Input data >>
-- Opening Marker --
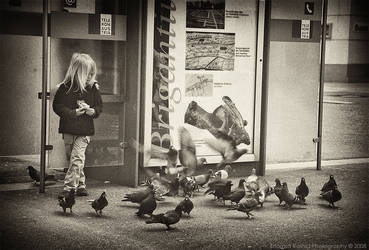 Little_Girl_with_Pigeons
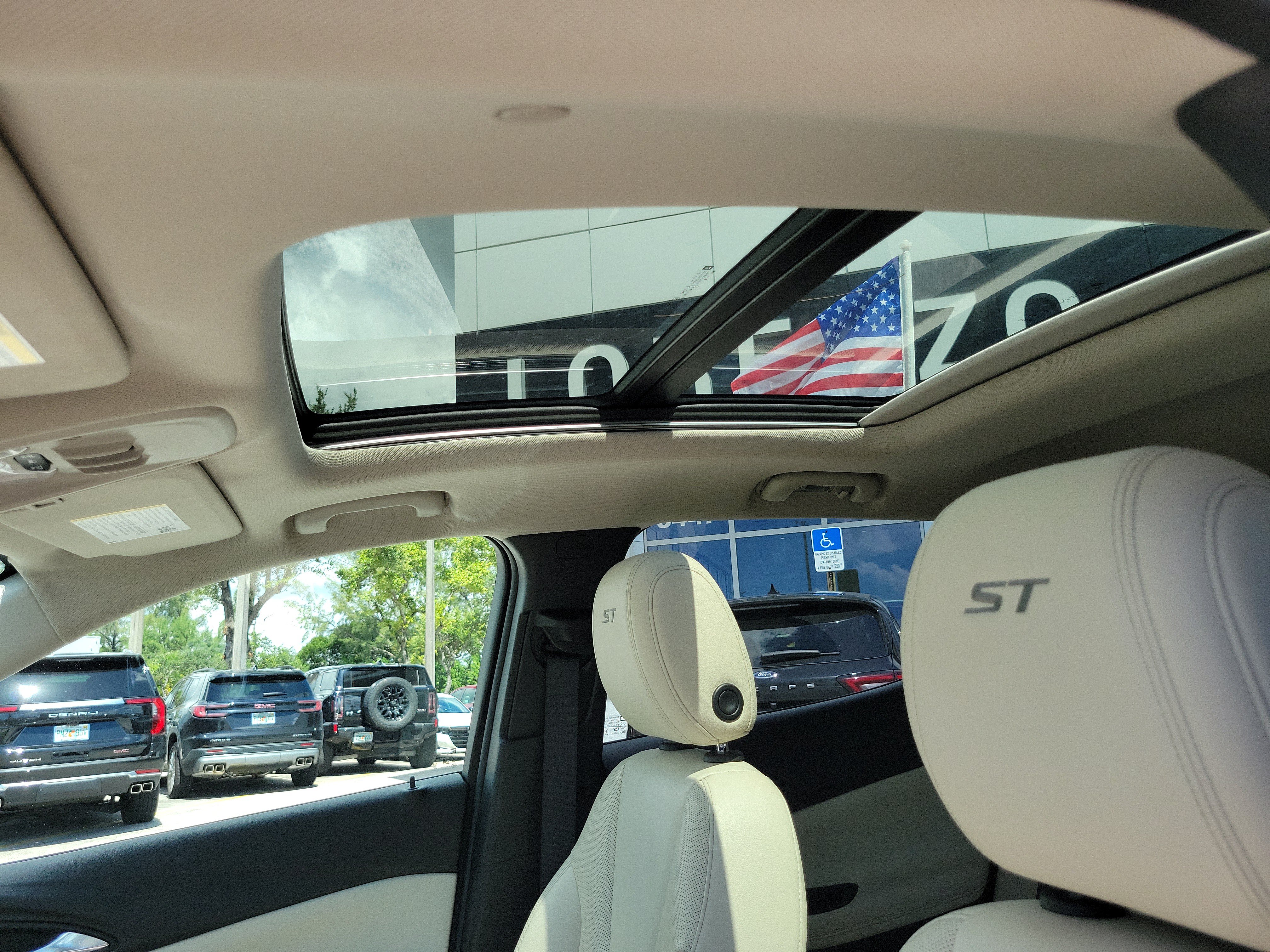 Used 2024 Buick Encore GX Sport Touring w/ Experience Buick Package FWD image 11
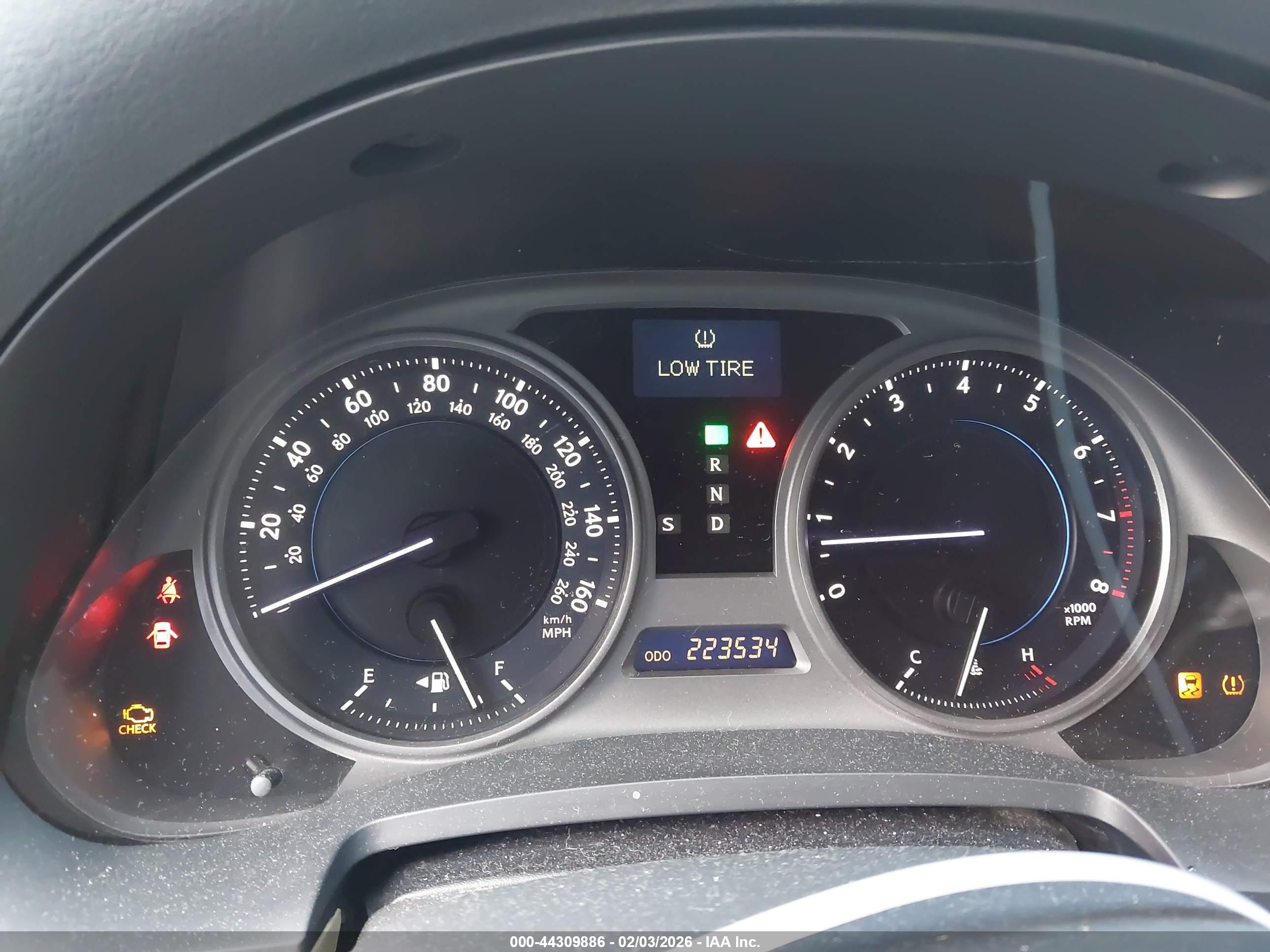 LEXUS IS image 7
-- Closing Marker --
Copy, exactly and exclusively, the lines beginning with the one that contains "Used 2024 Buick" and ending with the last line of the listing; pictures are to be omitted.

 Used 2024 Buick Encore GX Sport Touring w/ Experience Buick Package FWD image 11
 LEXUS IS image 7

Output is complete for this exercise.